Friday August 26, 2005

Hail Mary!

Interest in Mary, the mother of Jesus, is on the upswing. Since its debut in cyberspace a decade ago, The Mary Page has quietly advertised to the world the University of Dayton's vast collection of material on Mary.

The Rev. Johann Roten, S.M., once quipped that it would take an apparition of the mother of Jesus on the library's façade at the University of Dayton for the Marian Library/International Marian Research Institute to gain an international following outside theological circles.

Not anymore.

The center has been featured in The New York Times, USA Today and other national media. It draws scholars from around the world to its stacks and hundreds of visitors a day to "The Mary Page" on the World Wide Web.

Since its debut in cyberspace nearly a decade ago on Sept. 8 -- the feast day that honors Mary's birth, The Mary Page has quietly advertised the library's vast collection to the world. Librarians have answered thousands of inquiries about Mary.

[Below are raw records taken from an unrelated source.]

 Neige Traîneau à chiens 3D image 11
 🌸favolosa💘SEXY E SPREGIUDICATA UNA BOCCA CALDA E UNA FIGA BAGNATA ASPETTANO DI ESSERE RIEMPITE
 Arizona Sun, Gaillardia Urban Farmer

At least 1 million visitors have trolled the site, according to Webmaster Michael Duricy.

One popular query: "Why does Mary always wear light blue?" The answer may surprise some. "Well, she doesn't," writes Roten, director of the International Marian Research Institute, which offers advanced degrees in Mariology in affiliation with the Pontifical Theological Faculty Marianum in Rome. "Blue has stayed in vogue, but red has also become a prominent color for Mary as represented by artists since the 10th century. Blue calls to mind the color of the skies (which is not only limited to light blue), and red is the color of kings."

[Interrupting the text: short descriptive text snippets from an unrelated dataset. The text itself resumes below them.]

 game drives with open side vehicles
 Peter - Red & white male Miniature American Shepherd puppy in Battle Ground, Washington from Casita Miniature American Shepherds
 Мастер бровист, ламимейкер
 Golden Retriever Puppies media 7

A Frequently Asked Questions page and an online Dictionary of Mary tackle everything ever dreamed about Mary, including such offbeat questions as "What do the Simpsons say about Mary?" (Answer: Mary is not referred to very often in the sitcom, but in Bart's Friend Falls in Love, the penalty for kissing a boy is "50 rosaries.")

"People from Finland to Brazil to Korea e-mail questions," says Roten, who answers many of several hundred he receives each month himself. "People write, 'What are you doing, talking about Mary? Are you crazy? There's only one mediator, and that's Jesus Christ.' Another will write, 'I'm a level-headed person, but the other night I had this impression of smelling roses. What does this mean as a mystical experience?'

Roten and a staff of eight scholars routinely answer questions about apparitions and popular images of Mary. Noting that Marian sightings are "wholeheartedly hailed and embraced by some" while "outrightly rejected by others," The Mary Page offers a lengthy section on the history of apparitions and provides commentary on their deeper meaning.

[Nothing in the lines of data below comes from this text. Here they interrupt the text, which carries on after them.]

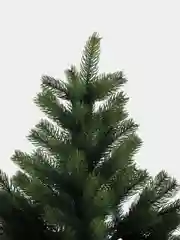 Ель литая Иркутская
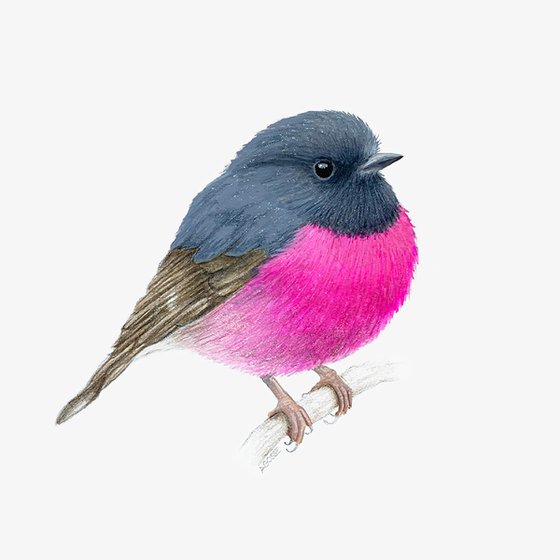 Pink Robin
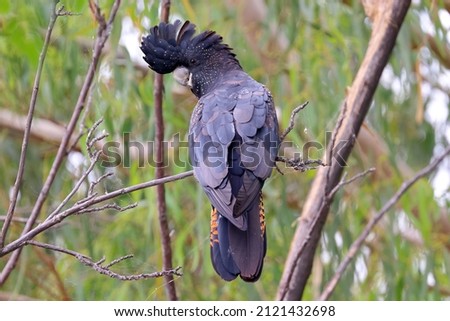 Female Australian Red-tailed Black Cockatoo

Interest in Mary is on the upswing, and that's heartening news for the Society of Mary (Marianists), a Roman Catholic religious order that has quietly and steadily built a living monument to the Blessed Virgin since acquiring the first book -- the Rev. John Elbert's Devotion to Mary in the Twentieth Century -- in 1943. Tucked away on the seventh floor of the Roesch Library on the University of Dayton's campus, the Marian Library is facing a pleasant predicament.

"It's a wonderful problem when you're bursting at the seams. It shows there is a following. This is the beginning of a new age, a reawakening of religiosity," Roten says. "Interest in Mary today is increasing, compared to the late 1960s and early 1970s when not much was heard or said about Mary."

In March, Time magazine splashed Mary on its cover and devoted 5,000 words to a growing acceptance among Protestants of her place in the Bible. A June headline in the Los Angles Times proclaimed, "After Decades in the Background, Mary's Making a Comeback." When Pope Benedict XVI made his first public appearance, he acknowledged Mary's presence: "The Lord will help us, and Mary, his most holy mother, will be on our side."

The Mary Page pulls from the world's largest collection of information on Mary found in the Marian Library/International Marian Research Institute. It handles a large volume of prayer requests from people imploring Mary to help them heal, find jobs and save marriages. It features contemporary topics - such as Pope Benedict XVI's views of Mary - and Marian teachings, virtual art exhibits, book reviews, hymns, shrines, stamps and a host of other material.

In short, "it's everything Mary," Roten says.